* BRIEF
Pictures are not part of the copy; reproduce the remaining data exactly.

* SUPPLIED MATERIAL
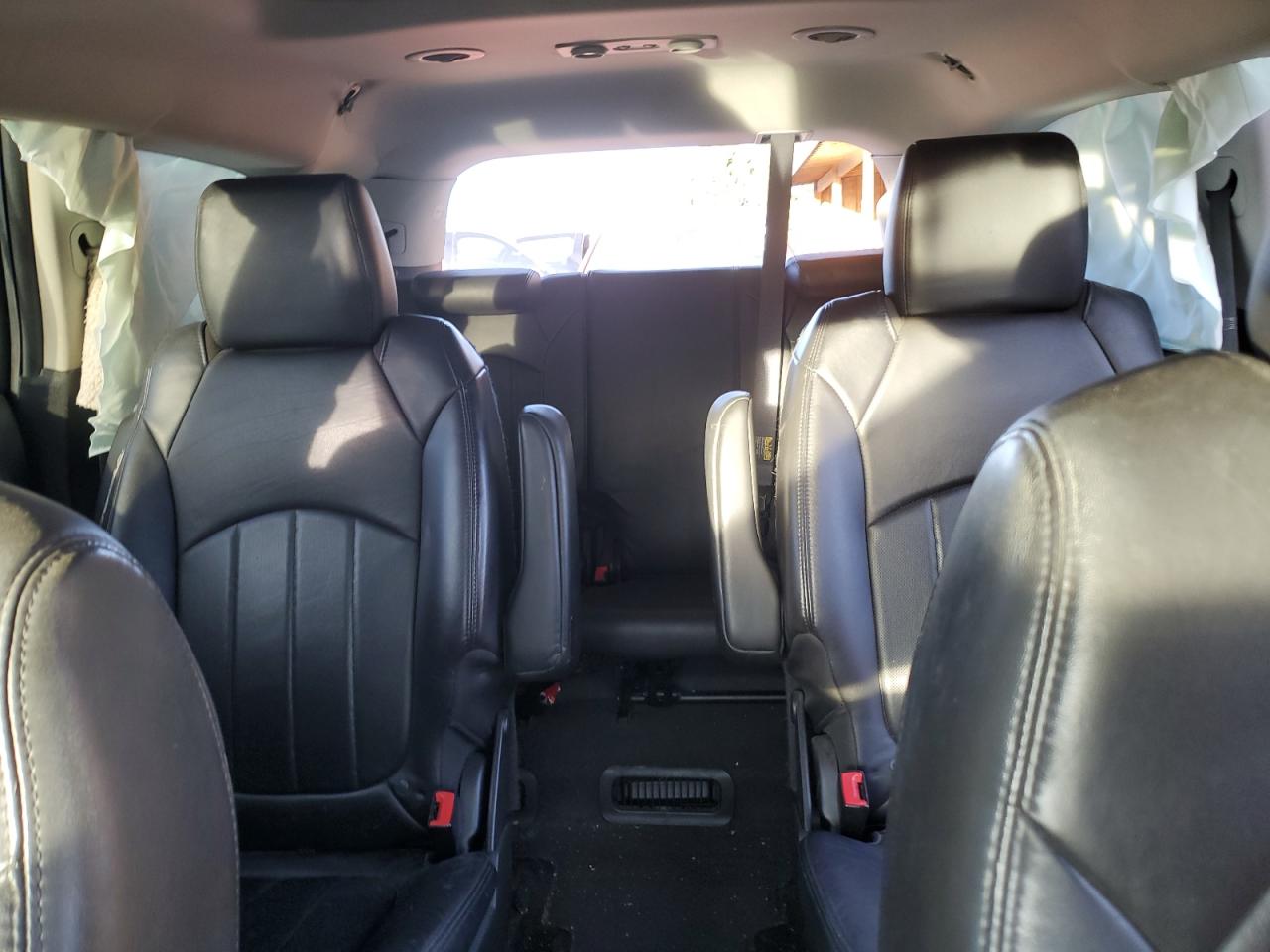 2012 Buick Enclave - Image 10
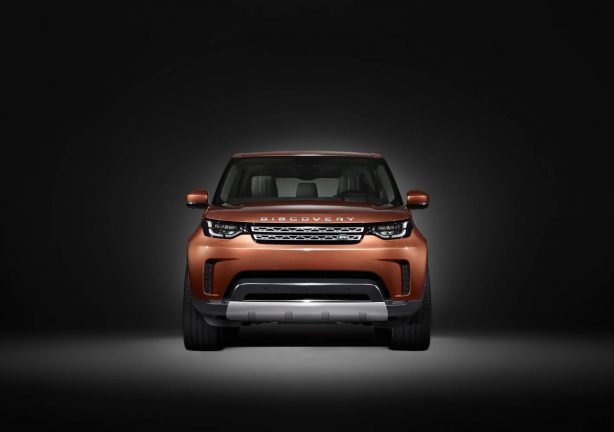 2017 land rover discovery front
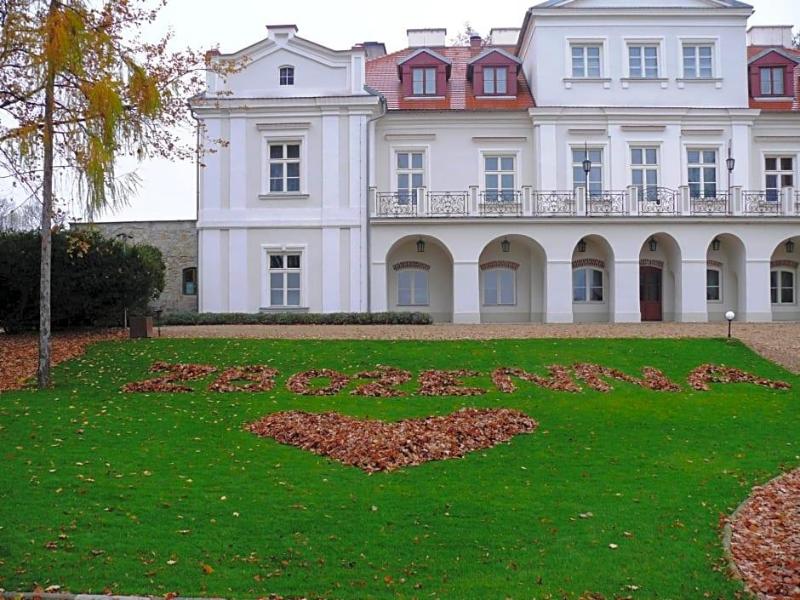 Dwór Zbożenna image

* COMPLETED EXERCISE
 2012 Buick Enclave - Image 10
 2017 land rover discovery front
 Dwór Zbożenna image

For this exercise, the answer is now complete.